*** Input for this task ***

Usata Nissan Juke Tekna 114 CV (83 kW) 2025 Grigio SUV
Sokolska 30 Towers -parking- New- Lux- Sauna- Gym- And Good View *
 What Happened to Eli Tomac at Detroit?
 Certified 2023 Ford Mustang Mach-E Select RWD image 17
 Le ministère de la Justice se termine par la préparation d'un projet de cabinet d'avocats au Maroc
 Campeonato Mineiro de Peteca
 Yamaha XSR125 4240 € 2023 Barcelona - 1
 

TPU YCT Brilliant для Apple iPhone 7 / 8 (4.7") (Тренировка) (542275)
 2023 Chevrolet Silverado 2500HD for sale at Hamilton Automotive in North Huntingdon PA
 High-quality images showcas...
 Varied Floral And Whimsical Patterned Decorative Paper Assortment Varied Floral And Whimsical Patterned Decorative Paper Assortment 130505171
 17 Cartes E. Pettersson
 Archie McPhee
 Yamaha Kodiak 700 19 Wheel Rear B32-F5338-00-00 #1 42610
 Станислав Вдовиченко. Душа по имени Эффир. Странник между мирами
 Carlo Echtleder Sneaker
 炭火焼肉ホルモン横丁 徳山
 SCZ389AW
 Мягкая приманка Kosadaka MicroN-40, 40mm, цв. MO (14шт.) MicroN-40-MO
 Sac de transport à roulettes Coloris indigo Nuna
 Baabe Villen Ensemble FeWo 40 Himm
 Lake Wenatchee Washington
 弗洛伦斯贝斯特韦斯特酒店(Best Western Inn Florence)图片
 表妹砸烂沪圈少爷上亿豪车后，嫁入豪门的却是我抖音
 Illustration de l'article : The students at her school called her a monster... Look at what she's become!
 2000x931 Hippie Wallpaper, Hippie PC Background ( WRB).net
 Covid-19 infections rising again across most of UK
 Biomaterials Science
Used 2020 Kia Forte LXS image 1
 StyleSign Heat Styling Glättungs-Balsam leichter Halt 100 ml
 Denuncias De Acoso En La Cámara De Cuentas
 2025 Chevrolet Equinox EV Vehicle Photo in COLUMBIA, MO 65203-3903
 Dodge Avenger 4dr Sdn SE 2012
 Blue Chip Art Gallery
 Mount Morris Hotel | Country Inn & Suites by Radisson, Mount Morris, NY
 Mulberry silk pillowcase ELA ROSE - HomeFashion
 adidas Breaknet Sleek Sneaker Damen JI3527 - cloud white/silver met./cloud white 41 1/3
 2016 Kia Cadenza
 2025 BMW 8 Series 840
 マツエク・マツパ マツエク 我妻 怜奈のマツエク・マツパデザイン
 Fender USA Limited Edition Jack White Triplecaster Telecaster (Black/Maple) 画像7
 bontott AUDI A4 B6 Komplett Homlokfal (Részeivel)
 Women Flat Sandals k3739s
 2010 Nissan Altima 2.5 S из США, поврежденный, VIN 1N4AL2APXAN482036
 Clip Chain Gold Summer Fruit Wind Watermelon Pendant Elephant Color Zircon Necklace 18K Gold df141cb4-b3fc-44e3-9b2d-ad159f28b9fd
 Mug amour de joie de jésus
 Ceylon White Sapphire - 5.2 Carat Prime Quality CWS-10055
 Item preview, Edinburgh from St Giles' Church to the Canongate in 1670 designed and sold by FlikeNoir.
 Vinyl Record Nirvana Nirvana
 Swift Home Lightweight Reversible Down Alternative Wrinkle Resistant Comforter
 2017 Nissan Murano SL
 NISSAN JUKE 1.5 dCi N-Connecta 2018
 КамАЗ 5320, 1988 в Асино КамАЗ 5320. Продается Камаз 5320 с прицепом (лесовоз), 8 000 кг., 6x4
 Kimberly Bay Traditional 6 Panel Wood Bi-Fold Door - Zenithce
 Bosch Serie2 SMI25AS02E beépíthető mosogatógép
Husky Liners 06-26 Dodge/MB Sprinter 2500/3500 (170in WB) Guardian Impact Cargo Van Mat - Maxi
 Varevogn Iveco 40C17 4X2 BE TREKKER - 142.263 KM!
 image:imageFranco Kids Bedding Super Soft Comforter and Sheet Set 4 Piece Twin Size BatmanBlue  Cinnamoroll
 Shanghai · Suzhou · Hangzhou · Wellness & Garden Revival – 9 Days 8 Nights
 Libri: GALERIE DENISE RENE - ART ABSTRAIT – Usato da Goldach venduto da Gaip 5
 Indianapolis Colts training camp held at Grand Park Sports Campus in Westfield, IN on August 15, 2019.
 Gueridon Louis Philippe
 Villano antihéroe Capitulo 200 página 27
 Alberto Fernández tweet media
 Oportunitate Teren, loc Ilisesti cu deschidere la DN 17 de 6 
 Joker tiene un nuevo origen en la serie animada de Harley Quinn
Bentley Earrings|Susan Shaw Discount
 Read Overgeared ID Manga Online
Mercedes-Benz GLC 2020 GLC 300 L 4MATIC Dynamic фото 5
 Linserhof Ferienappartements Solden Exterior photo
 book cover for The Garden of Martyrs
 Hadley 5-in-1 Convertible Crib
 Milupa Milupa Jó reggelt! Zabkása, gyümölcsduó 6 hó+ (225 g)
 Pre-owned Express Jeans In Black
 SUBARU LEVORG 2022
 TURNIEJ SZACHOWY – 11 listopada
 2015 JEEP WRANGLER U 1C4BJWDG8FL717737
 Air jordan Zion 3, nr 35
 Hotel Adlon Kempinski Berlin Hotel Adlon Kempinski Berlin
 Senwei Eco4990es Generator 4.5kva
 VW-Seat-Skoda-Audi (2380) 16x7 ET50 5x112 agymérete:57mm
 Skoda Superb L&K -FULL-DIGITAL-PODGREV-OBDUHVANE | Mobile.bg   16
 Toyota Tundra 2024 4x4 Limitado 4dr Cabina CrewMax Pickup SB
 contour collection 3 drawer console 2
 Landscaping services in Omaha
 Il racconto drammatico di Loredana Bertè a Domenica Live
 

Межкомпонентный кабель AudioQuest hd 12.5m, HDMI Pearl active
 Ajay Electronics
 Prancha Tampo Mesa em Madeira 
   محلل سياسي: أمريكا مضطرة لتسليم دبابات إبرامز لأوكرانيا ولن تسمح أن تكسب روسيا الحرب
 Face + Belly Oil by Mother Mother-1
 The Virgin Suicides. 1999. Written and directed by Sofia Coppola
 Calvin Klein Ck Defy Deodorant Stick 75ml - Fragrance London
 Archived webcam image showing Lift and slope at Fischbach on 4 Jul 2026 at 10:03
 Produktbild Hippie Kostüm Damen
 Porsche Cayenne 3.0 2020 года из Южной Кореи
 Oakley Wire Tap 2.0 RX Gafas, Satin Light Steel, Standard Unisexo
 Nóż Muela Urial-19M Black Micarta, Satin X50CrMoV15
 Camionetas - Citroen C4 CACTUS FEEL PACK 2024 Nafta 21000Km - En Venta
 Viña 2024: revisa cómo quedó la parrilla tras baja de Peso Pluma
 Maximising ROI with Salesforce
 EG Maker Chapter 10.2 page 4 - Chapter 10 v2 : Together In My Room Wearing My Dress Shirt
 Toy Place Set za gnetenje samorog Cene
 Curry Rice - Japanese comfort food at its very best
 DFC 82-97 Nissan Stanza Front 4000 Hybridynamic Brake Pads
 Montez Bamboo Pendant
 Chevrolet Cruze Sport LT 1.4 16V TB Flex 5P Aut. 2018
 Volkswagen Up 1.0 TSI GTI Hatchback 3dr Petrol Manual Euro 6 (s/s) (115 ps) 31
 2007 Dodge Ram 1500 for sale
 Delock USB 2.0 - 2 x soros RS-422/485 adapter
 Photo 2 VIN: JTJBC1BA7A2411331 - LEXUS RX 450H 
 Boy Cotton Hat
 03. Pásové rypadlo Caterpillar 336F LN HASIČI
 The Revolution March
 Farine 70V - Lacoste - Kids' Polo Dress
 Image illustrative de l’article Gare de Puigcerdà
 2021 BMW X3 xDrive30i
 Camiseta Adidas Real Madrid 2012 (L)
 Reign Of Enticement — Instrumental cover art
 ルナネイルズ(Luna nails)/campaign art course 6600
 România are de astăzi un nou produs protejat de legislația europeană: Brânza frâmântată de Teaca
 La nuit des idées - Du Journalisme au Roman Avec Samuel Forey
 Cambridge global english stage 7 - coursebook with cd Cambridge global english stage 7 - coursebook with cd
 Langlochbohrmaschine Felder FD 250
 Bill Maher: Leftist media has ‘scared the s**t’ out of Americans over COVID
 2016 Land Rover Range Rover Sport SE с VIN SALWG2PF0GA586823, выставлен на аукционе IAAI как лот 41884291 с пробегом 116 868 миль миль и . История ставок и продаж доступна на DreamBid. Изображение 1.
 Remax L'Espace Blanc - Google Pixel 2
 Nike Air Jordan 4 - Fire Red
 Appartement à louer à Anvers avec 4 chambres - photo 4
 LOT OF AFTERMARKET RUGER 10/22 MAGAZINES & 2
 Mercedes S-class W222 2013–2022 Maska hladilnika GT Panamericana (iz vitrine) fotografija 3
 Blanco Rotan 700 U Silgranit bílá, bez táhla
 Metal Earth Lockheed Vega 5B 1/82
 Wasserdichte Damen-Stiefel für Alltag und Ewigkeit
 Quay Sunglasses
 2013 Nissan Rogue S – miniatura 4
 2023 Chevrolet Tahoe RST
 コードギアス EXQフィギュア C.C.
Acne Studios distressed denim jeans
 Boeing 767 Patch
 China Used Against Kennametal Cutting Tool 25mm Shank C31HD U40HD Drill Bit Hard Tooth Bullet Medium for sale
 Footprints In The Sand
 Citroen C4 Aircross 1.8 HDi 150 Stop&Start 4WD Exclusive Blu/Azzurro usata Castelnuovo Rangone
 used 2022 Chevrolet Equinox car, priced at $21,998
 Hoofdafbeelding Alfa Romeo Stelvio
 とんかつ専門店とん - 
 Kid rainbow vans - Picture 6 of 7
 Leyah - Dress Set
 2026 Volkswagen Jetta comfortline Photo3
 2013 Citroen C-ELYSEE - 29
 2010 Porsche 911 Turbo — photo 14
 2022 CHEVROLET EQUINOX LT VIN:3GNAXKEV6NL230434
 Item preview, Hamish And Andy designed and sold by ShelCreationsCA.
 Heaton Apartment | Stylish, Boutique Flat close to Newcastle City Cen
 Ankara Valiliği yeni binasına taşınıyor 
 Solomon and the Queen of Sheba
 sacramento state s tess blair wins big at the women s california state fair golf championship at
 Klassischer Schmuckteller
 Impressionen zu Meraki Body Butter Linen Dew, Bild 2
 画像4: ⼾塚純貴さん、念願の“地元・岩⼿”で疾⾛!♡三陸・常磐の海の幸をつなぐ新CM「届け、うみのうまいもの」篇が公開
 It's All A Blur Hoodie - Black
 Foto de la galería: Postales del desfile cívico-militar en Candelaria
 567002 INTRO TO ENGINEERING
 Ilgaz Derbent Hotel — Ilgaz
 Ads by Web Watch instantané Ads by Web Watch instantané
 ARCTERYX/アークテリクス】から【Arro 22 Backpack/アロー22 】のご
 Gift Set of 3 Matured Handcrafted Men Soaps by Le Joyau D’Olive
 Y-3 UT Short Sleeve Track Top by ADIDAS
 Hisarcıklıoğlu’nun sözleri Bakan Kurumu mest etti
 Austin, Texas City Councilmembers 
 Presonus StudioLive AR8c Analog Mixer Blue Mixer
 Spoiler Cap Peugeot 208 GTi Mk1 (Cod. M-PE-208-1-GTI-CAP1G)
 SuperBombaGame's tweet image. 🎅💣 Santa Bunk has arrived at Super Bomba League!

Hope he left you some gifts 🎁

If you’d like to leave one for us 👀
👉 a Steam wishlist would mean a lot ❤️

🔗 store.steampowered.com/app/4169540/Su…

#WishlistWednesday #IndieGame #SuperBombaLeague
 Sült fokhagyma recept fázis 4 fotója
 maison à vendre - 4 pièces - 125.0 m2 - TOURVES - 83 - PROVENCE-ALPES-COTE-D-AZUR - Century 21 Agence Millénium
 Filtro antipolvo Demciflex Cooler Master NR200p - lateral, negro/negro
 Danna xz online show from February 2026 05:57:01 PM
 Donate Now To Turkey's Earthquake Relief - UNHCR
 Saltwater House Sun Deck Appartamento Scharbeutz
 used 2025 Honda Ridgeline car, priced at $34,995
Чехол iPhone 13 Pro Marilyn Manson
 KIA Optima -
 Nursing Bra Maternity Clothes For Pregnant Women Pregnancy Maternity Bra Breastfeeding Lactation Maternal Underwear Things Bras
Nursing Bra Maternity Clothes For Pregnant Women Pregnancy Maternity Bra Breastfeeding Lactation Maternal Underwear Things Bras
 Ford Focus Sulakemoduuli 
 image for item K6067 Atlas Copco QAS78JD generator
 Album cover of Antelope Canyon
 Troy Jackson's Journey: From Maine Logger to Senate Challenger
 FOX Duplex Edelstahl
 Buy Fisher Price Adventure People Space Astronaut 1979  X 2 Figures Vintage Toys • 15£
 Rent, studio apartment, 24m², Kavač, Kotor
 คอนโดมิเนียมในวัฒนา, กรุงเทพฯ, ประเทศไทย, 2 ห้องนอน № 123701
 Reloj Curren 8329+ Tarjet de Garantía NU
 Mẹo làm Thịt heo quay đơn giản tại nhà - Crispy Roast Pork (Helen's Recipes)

*** End of Input for this task ***

_What to work on_.
What are the exact lines from the beginning of the material through the line containing "High-quality images showcas..."? Write out those lines alone.

_The completed task_.
Usata Nissan Juke Tekna 114 CV (83 kW) 2025 Grigio SUV
Sokolska 30 Towers -parking- New- Lux- Sauna- Gym- And Good View *
 What Happened to Eli Tomac at Detroit?
 Certified 2023 Ford Mustang Mach-E Select RWD image 17
 Le ministère de la Justice se termine par la préparation d'un projet de cabinet d'avocats au Maroc
 Campeonato Mineiro de Peteca
 Yamaha XSR125 4240 € 2023 Barcelona - 1
 

TPU YCT Brilliant для Apple iPhone 7 / 8 (4.7") (Тренировка) (542275)
 2023 Chevrolet Silverado 2500HD for sale at Hamilton Automotive in North Huntingdon PA
 High-quality images showcas...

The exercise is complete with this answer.